_WORK TASK_
Your answer must be an exact transcription of the lines from the line with "Close-up of the" through the final line of the data.

Data excerpts:
===
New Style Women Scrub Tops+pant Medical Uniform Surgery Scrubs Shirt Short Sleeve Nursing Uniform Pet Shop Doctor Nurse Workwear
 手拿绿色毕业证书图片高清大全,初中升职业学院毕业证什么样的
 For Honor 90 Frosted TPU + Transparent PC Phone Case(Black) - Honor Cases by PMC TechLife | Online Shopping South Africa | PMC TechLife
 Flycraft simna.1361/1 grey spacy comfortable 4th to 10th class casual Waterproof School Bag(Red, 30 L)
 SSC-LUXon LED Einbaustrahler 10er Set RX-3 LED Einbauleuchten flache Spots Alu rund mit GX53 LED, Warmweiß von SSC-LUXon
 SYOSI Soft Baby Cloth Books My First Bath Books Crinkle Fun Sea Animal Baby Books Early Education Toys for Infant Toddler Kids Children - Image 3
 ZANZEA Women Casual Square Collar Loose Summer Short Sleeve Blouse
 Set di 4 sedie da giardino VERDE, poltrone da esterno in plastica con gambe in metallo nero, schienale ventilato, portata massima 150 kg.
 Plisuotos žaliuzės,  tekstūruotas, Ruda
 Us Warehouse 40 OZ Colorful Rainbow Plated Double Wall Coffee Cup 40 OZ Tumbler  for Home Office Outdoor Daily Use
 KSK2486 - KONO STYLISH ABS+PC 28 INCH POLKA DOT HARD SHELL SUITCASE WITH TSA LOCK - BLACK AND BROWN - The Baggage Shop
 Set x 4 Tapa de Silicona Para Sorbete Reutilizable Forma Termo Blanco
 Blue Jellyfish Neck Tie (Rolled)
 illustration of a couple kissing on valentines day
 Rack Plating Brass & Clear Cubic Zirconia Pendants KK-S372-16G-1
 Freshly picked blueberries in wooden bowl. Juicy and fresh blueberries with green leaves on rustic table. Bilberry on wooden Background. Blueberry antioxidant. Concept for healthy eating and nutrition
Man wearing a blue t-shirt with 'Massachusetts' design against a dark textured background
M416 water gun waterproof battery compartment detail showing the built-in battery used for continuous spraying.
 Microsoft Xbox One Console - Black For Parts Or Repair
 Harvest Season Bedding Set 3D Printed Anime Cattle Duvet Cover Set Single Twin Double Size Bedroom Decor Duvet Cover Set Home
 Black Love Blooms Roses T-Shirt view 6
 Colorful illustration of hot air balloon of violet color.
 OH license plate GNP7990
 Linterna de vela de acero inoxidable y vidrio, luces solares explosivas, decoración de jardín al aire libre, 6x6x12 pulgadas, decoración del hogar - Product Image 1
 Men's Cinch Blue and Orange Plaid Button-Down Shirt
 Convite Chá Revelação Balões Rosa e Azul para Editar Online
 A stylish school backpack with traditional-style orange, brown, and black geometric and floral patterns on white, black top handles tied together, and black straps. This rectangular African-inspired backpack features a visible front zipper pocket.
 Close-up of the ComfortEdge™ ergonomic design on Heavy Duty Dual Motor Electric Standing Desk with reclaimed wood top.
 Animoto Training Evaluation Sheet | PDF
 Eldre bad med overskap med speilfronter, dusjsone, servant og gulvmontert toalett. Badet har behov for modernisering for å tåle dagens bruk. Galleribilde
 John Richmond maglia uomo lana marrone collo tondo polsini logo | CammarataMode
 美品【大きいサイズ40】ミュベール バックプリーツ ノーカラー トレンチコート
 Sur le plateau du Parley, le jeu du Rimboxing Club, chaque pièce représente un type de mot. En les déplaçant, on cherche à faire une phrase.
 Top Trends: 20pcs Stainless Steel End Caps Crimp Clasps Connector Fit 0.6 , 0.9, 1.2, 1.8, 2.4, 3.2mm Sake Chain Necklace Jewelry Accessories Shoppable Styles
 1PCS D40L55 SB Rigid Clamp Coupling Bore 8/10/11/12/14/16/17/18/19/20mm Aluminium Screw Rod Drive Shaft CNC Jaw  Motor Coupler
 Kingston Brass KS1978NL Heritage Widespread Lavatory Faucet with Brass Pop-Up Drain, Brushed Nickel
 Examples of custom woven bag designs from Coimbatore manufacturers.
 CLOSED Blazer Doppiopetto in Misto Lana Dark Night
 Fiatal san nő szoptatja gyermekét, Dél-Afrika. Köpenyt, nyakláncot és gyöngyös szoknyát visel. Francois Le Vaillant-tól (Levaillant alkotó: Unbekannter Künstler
===
_EXERCISE RESULT_
 Close-up of the ComfortEdge™ ergonomic design on Heavy Duty Dual Motor Electric Standing Desk with reclaimed wood top.
 Animoto Training Evaluation Sheet | PDF
 Eldre bad med overskap med speilfronter, dusjsone, servant og gulvmontert toalett. Badet har behov for modernisering for å tåle dagens bruk. Galleribilde
 John Richmond maglia uomo lana marrone collo tondo polsini logo | CammarataMode
 美品【大きいサイズ40】ミュベール バックプリーツ ノーカラー トレンチコート
 Sur le plateau du Parley, le jeu du Rimboxing Club, chaque pièce représente un type de mot. En les déplaçant, on cherche à faire une phrase.
 Top Trends: 20pcs Stainless Steel End Caps Crimp Clasps Connector Fit 0.6 , 0.9, 1.2, 1.8, 2.4, 3.2mm Sake Chain Necklace Jewelry Accessories Shoppable Styles
 1PCS D40L55 SB Rigid Clamp Coupling Bore 8/10/11/12/14/16/17/18/19/20mm Aluminium Screw Rod Drive Shaft CNC Jaw  Motor Coupler
 Kingston Brass KS1978NL Heritage Widespread Lavatory Faucet with Brass Pop-Up Drain, Brushed Nickel
 Examples of custom woven bag designs from Coimbatore manufacturers.
 CLOSED Blazer Doppiopetto in Misto Lana Dark Night
 Fiatal san nő szoptatja gyermekét, Dél-Afrika. Köpenyt, nyakláncot és gyöngyös szoknyát visel. Francois Le Vaillant-tól (Levaillant alkotó: Unbekannter Künstler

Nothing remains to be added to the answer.